TASK ITEM → Go to the line below that has "Ristorante Scolare", print it and each line after it exactly, and stop after the line that has "Bokep Live Show 169 [Kku3] - Bokepsin"; leave out pictures.

RECORDED INFORMATION →
________________________________________
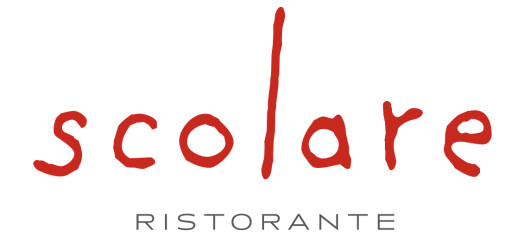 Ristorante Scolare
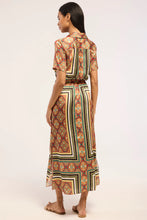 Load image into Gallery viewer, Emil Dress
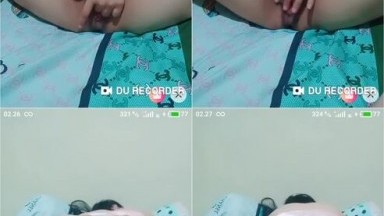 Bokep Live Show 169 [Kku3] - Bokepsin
________________________________________
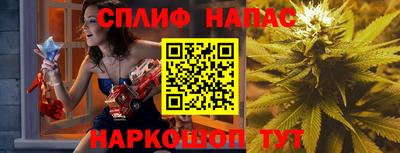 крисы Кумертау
________________________________________
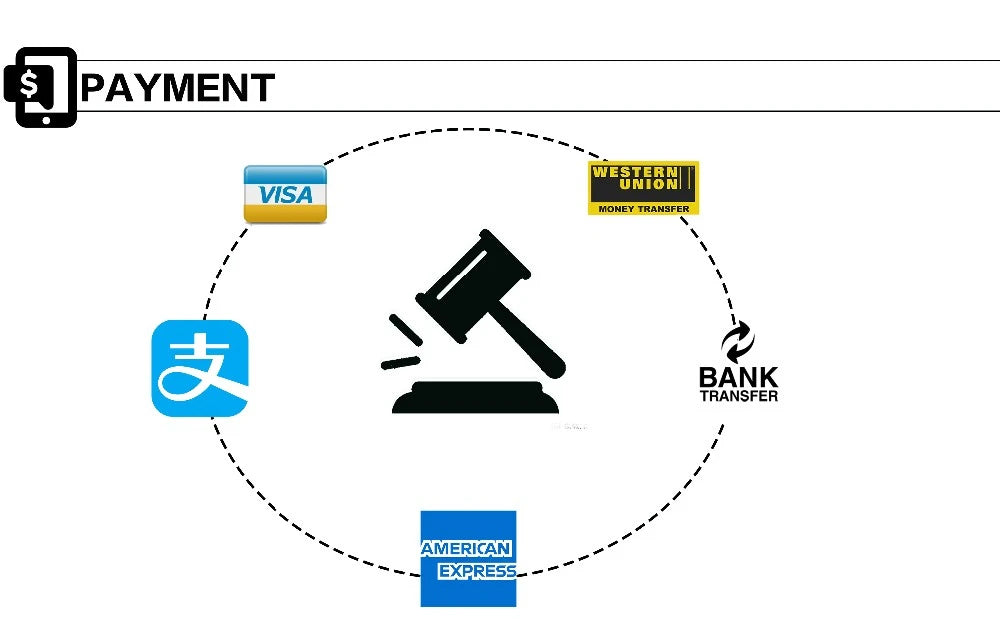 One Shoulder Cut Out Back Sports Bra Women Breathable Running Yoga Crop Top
________________________________________
REPLY TO THE EXERCISE →
 Ristorante Scolare
 Load image into Gallery viewer, Emil Dress
 Bokep Live Show 169 [Kku3] - Bokepsin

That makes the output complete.